■ Exercise directions: Only the lines from the one with "Karen Kane Petite" through the end of the data below belong in the answer, restated word for word, pictures excluded.

(Items from a dataset)
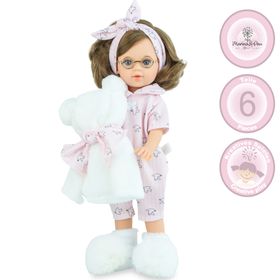 Puppe Anna Pyjama-Party 40 cm mit langen Haaren & Vinylkörper für Kinder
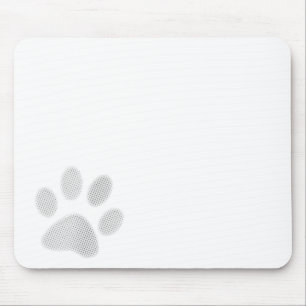 Tapis De Souris Empreinte de patte tramé blanc/gris-clair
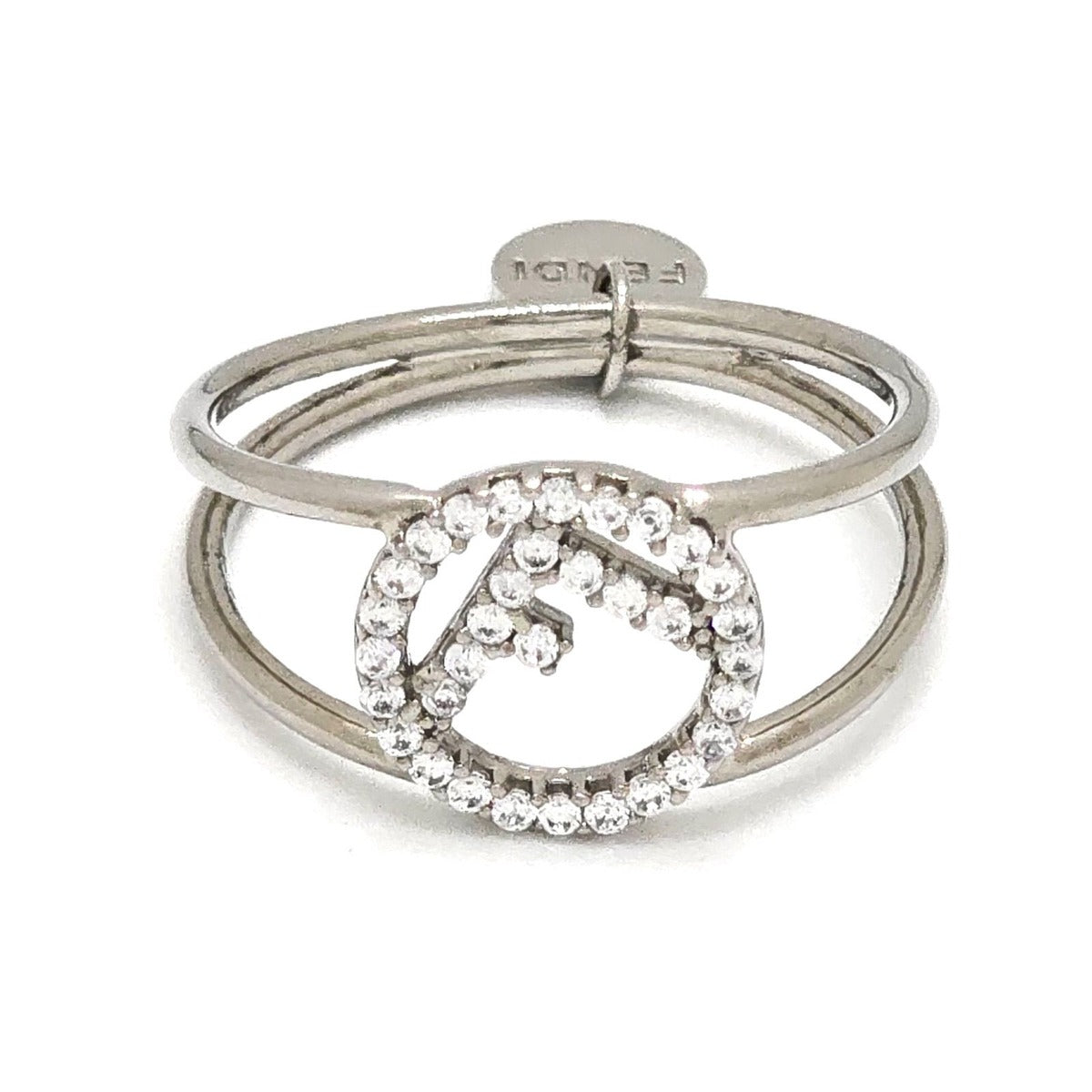 Fendi Is Ring M Crystal Silver Color Metal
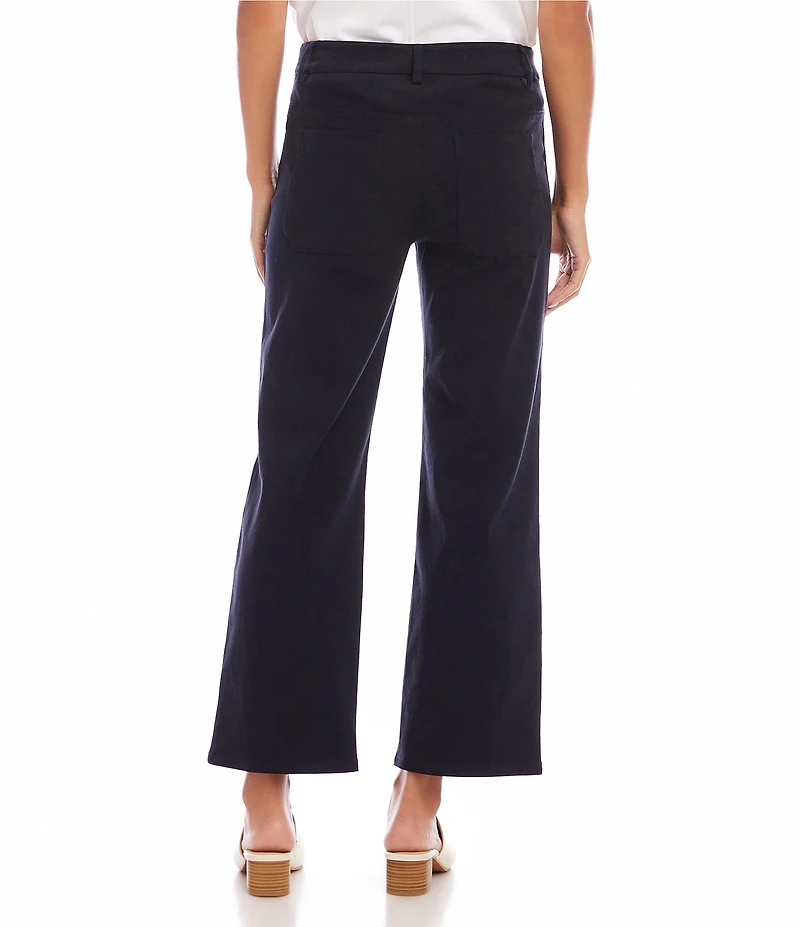 Karen Kane Petite Size Lauren Wide-Leg Patch Pocket Cropped Pants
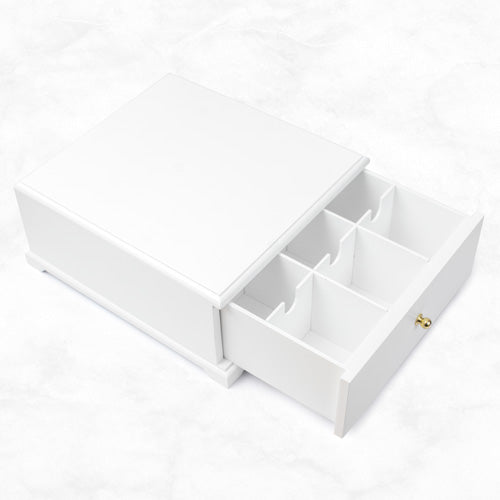 Happy Chai White Wooden Tea Chest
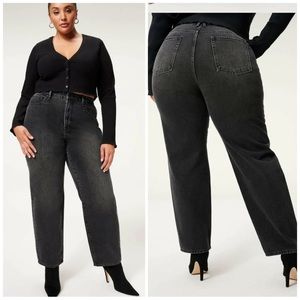 Good American 90’s Trouser Black Jeans Size 18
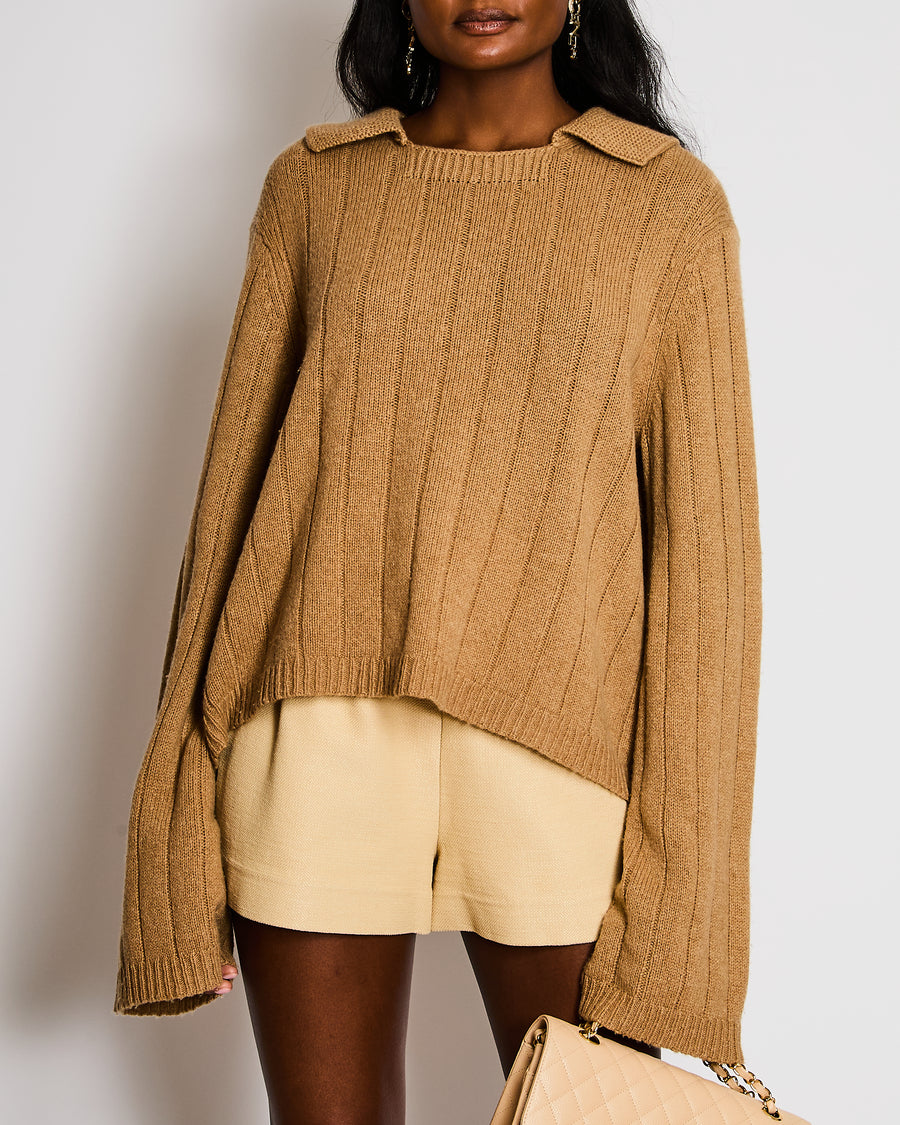 Khaite Beige Cashmere Collared Ribbed Knit Jumper Size S (UK 8)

■ Task result:
 Karen Kane Petite Size Lauren Wide-Leg Patch Pocket Cropped Pants
 Happy Chai White Wooden Tea Chest
 Good American 90’s Trouser Black Jeans Size 18
 Khaite Beige Cashmere Collared Ribbed Knit Jumper Size S (UK 8)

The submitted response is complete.